How many average citizens of our modern world would be able to follow such an argument? It mentions two businesses, loans, interest rates and their compounding effects. Today, most people don’t understand what compound interest is, and it is one of the most simple long-term thinking concepts in finance.

Our financial system has been layered with many levels of complexity and is presented as a complex topic, including when it comes to personal finance. I believe this has been done through time by the people working in the industry for two reasons:

  1. By making individuals believe it is a complex topic, they will hire professionals to manage and custody their funds.
  2. Governments can give the impression of being in control of our financial system, and force their citizens to rely on their expertise, thereby lowering their personal engagement.

Today, people are starting to understand the impact inflation can have on their lives. They don’t necessarily understand where it comes from, but they understand that they need to do something about their personal finances or their savings will slowly be crushed by inflation. This inflationary way of thinking has always been there. This is part of the reason why people invest in real estate and has pushed the prices so high. Today, it is pushing people towards even riskier investments. This is part of the reason why the cryptocurrency world has seen such a boom and seems so attractive to many — high reward, but also high risk.

People entering the cryptocurrency space will slowly start making the distinction between bitcoin and altcoins at some point (often because of a shitcoin losing 99% of its value or a hack making them lose their funds). We will write a follow-up article about this topic in particular: Bitcoin is not crypto.

Because of the way Bitcoin is built, people gain their financial independence. You are the sole owner of your assets and no-one can take control of your assets unless you give access to them. This is extremely empowering, but can also be a scary endeavor: it has the potential of opening users up to more risk. This means that people need to take responsibility for their financial decisions. Every decision is their own, and in order to avoid mistakes, people need to educate themselves.

This education starts with understanding bitcoin wallets, but quickly moves on to more complex topics:

  • What is the Bitcoin blockchain?
  • How does it work?
  • What is money?
  • What does store of value mean?
  • What is modern monetary theory?
  • What is quantitative easing?
  • Who controls and benefits from our system?

And many more that one by one open up the mind to the way our financial system works. There are many great thinkers and contributors in the space that help understand these points.

People are now forced to take control of their own funds and take responsibility for their personal finance. The veil that has always laid on the world of finance is slowly being lifted, and what used to be seen as very complex topics are becoming day-to-day topics for many. This is due to the fact that the trust that we once had in centralized financial institutions is now gone because of decades of abusing customers, bailouts and more.

The Athenian system was not able to scale with the growing number of people in cities and in countries.
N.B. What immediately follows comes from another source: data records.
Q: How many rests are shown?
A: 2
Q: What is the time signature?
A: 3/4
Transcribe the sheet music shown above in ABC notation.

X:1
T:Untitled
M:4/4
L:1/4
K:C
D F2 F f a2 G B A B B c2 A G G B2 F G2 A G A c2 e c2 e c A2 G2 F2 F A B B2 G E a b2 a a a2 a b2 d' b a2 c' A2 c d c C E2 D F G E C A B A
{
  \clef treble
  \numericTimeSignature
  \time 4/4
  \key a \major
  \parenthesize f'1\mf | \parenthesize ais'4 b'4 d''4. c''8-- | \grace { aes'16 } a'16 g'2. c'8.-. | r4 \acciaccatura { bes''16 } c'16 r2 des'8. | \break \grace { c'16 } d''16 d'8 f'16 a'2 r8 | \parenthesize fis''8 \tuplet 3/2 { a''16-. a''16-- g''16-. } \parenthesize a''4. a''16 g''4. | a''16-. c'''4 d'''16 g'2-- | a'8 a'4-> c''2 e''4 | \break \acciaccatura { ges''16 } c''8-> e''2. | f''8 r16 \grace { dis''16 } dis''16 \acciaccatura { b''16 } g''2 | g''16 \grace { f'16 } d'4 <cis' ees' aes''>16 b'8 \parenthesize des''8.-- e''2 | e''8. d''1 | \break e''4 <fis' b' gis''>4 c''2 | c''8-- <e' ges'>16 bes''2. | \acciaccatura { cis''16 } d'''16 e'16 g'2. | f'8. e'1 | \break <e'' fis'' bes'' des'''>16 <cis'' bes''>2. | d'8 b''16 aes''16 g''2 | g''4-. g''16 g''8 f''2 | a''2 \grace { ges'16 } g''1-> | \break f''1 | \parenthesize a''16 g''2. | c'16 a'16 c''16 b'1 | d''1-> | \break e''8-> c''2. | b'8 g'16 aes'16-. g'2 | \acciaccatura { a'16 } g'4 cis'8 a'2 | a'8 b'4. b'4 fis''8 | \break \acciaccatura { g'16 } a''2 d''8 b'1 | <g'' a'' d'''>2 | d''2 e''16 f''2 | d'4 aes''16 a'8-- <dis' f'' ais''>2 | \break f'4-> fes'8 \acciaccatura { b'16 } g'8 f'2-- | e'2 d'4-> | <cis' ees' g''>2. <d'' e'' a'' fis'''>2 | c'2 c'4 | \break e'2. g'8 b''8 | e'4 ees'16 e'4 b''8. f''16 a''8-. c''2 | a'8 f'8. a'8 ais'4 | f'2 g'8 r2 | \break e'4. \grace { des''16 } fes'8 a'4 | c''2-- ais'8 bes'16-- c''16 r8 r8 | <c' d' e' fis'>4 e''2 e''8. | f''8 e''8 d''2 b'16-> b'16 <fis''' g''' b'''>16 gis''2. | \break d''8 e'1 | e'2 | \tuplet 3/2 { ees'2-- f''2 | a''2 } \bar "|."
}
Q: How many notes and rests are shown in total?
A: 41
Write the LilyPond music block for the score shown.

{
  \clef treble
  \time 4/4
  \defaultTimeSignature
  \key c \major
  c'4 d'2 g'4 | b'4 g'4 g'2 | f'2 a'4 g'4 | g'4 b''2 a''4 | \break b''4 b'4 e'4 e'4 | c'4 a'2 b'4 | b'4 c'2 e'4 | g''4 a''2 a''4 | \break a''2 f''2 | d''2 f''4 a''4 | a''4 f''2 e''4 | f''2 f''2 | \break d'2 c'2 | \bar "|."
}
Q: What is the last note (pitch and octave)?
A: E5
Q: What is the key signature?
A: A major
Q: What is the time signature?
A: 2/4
But given our current technologies, is a similar system so hard to imagine today? Maybe bitcoin can be the asset that leads the way in this direction, thanks to its cryptographic properties, but also thanks to the added benefit of its passive properties, including the fact users need to educate themselves, which can only benefit them and our society.

Sources:

  1. Money Changes Everything - How Finance Made Civilization Possible | William N Goetzmann

This is a guest post by Pierre Corbin. Opinions expressed are entirely their own and do not necessarily reflect those of BTC Inc. or Bitcoin Magazine.